Rather, it is probable that a press which maintains
an intimate touch with the business currents of the nation,
is likely to be more reliable than it would be
if it were a stranger to these influences.
After all, the chief business
of the American people is business.
They are profoundly concerned with producing, buying,
selling, investing and prospering in the world.
I am strongly of opinion that the great majority of people
will always find these are moving impulses of our life….
Wealth is the product of industry,
ambition, character and untiring effort.
In all experience, the accumulation of wealth means
the multiplication of schools, the increase of knowledge,
the dissemination of intelligence,
the encouragement of science, the broadening of outlook,
the expansion of liberties, the widening of culture.
Of course, the accumulation of wealth cannot be justified
as the chief end of existence.
But we are compelled to recognize it as a means
to well-nigh every desirable achievement.
So long as wealth is made the means and not the end,
we need not greatly fear it.
And there never was a time
when wealth was so generally regarded as a means,
or so little regarded as an end, as today….
It can safely be assumed that self-interest will always
place sufficient emphasis on the business side
of newspapers, so that they do not need
any outside encouragement for that part of their activities.
Important, however, as this factor is, it is not
the main element which appeals to the American people.
It is only those who do not understand our people,
who believe that our national life
is entirely absorbed by material motives.
We make no concealment of the fact that we want wealth,
but there are many other things
that we want very much more.
We want peace and honor, and that charity
which is so strong an element of all civilization.
The chief ideal of the American people is idealism.

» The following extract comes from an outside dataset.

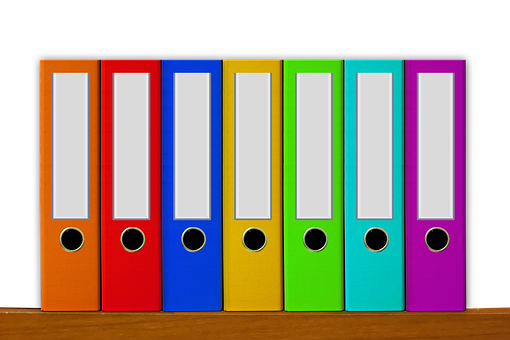 Colorful Office Binderson Shelf PNG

I cannot repeat too often that America
is a nation of idealists.
That is the only motive to which
they ever give any strong and lasting reaction.
No newspaper can be a success
which fails to appeal to that element of our national life.
It is in this direction that the public press
can lend its strongest support to our Government.
I could not truly criticize the vast importance
of the counting room, but my ultimate faith
I would place in the high idealism
of the editorial room of the American newspapers.57
On March 2 the Attorney General Harlan Fiske Stone was moved up
to be a Supreme Court Justice, and Coolidge appointed
the lawyer John G. Sargent to be Attorney General.
Some believed that Coolidge wanted to prevent Stone from pursuing an anti-trust case
against Alcoa Aluminum which had large investments from Treasury Secretary Mellon.
The government lost appeals on antitrust cases against Standard Oil of Indiana, cement
manufacturing, and maple flooring.
In early March the House of Representatives approved by a vote of 303-28
American membership in the World Court.
In his inaugural address on March 4 newly elected President Coolidge said,
In conformity with the principle that
a display of reason rather than a threat of force should
be the determining factor in the intercourse among nations,
we have long advocated the peaceful settlement
of disputes by methods of arbitration
and have negotiated many treaties to secure that result.
The same considerations should lead to our adherence
to the Permanent Court of International Justice.
Where great principles are involved,
where great movements are under way
which promise much for the welfare of humanity
by reason of the very fact that many other nations
have given such movements their actual support,
we ought not to withhold our own sanction
because of any small and inessential difference,
but only upon the ground of the most important
and compelling fundamental reasons….
With a great deal of hesitation, we have responded
to appeals for help to maintain order, protect life
and property, and establish responsible government
in some of the small countries of the Western Hemisphere.
Our private citizens have advanced large sums of money to
assist in the necessary financing and relief of the Old World.
We have not failed, nor shall we fail to respond,
whenever necessary to mitigate human suffering
and assist in the rehabilitation of distressed nations.
These, too, are requirements which must be met by reason
of our vast powers and the place we hold in the world.
Some of the best thought of mankind
has long been seeking for a formula for permanent peace.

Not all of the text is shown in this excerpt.